Formato: 14 x 21 cm.
Gênero: Romance
Publicação: Class / Bestiário, 2019

Sinopse

Uma jovem simples, meio sem-graça, humilde e submissa, em sua terra natal. Um jovem cheio de vitalidade, que larga tudo em seu país longínquo e pobre e sai ao mar em busca de esperança e novos rumos, mas se vê de repente náufrago numa terra estranha e hostil. O encontro dos dois é o tema de que se utiliza Joseph Conrad para forjar 'Amy Foster'. No que parecia uma existência sombria e sem sentido, o rapaz reencontra a esperança no gesto simples e generoso de Amy Foster, moça por quem se apaixona, numa trama que envolve amor, medo e drama profundo. Mais que tudo, 'Amy Foster' é o relato pungente sobre a hotilidade às vezes desumana com que as pessoas, com muita freqüência, tratam tudo o que é diferente delas e causa estranheza a seus hábitos e ideias. 


Sobre o autor

Joseph Conrad, nascido Józef Teodor Nałęcz Korzeniowski nasceu no dia 3 de dezembro do ano de 1857, na cidade de Berdichev, na Ucrânia, então dominada pela Rússia czarista. Seus pais eram nacionalistas poloneses e, em decorrência de suas atividades políticas contrárias ao domínio russo, foram mandados para a província de Vologda, ao norte da Rússia. Joseph, aos quatro anos, os acompanhou no exílio. A mãe de Joseph faleceu logo em seguida à chegada à Vologda, e seu pai, quando Joseph tinha onze anos. Após a morte dos pais, Joseph ficou aos cuidados de seu tio Thaddeus Bobrowski. Conrad, aos dezesseis anos, apesar dos apelos do tio para que seguisse carreira universitária, viajou à Marselha, para realizar o seu sonho de viver em alto mar. Em 1878, Conrad embarcou como aprendiz em um navio inglês. Os próximos vinte anos ele permaneceria a serviço da marinha britânica, que deu a ele oportunidade de conhecer países na África, América, Europa e Ásia.
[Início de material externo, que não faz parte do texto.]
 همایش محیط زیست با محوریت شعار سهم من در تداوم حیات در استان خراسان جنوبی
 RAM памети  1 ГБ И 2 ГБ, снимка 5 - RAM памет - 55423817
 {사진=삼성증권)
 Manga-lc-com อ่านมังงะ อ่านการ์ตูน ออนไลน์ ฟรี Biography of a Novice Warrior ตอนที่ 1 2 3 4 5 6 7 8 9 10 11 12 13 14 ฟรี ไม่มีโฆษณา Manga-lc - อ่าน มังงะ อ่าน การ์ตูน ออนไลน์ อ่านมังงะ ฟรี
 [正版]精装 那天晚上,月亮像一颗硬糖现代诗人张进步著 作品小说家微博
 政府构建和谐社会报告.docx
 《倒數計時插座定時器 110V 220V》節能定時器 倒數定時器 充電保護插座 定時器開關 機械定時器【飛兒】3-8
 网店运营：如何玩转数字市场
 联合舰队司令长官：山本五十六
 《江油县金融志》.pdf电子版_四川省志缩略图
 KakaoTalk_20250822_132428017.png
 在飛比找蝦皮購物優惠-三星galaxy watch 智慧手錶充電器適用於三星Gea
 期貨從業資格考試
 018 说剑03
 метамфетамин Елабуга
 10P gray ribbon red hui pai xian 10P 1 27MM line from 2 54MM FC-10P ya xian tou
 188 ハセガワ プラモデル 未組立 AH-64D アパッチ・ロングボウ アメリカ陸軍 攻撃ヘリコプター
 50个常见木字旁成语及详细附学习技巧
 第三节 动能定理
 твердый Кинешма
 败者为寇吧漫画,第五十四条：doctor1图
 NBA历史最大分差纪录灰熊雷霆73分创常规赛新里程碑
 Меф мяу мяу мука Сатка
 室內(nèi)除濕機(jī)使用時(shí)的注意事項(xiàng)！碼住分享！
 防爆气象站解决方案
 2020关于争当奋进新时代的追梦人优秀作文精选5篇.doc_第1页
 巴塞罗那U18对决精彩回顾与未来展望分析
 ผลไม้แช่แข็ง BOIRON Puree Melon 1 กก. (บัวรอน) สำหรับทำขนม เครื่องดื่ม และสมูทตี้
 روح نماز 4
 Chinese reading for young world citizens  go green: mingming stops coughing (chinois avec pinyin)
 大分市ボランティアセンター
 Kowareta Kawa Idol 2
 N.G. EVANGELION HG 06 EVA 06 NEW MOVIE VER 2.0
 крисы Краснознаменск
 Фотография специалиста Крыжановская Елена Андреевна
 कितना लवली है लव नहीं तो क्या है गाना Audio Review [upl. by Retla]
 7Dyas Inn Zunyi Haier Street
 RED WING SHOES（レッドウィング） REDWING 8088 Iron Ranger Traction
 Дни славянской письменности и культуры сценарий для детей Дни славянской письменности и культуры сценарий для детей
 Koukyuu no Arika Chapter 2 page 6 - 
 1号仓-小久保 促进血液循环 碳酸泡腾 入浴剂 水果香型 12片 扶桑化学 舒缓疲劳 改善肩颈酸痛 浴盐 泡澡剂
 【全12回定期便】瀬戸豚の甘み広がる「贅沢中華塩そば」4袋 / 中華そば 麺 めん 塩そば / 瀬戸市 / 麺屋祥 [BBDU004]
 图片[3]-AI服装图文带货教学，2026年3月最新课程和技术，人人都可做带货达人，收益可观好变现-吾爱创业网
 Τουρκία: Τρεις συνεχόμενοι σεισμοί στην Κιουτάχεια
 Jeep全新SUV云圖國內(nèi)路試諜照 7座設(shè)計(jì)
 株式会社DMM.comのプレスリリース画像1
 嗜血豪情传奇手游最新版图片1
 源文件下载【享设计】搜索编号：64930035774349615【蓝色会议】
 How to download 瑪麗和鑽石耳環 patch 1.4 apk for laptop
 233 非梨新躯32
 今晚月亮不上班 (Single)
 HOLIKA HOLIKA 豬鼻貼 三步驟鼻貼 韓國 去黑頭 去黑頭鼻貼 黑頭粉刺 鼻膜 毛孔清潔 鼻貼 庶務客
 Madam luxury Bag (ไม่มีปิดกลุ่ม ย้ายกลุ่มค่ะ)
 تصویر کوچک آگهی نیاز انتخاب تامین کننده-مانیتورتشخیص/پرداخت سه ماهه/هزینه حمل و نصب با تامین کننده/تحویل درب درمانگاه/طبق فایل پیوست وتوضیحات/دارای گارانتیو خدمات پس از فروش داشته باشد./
Este período propiciou ao escritor as experiências que o acompanharam durante toda a sua obra. No ano de 1886, Conrad tornou-se um cidadão britânico e, em 1894, aposentou-se da marinha, sob o título de capitão-de-longo-curso, para dedicar-se à escrita em tempo integral. Em seu primeiro romance, A loucura do Almayer (1895), o autor dá pista aos leitores sobre o que esperar de suas próximas obras, Almayer é um sujeito solitário, que, em busca de prestígio e riqueza acaba extraviando-se da própria identidade. Toda a obra do escritor é marcada pela temática do conflito do homem contra o próprio homem. Em romances como O coração das trevas (1902), o autor expõe a natureza humana levada aos extremos, onde o ser humano é destituído da própria humanidade. É através do choque de culturas, como se observa em Amy Foster (1901) que o autor propõe uma profunda reflexão sobre a relação entre o indivíduo e a humanidade, bem como entre a civilização e a barbárie.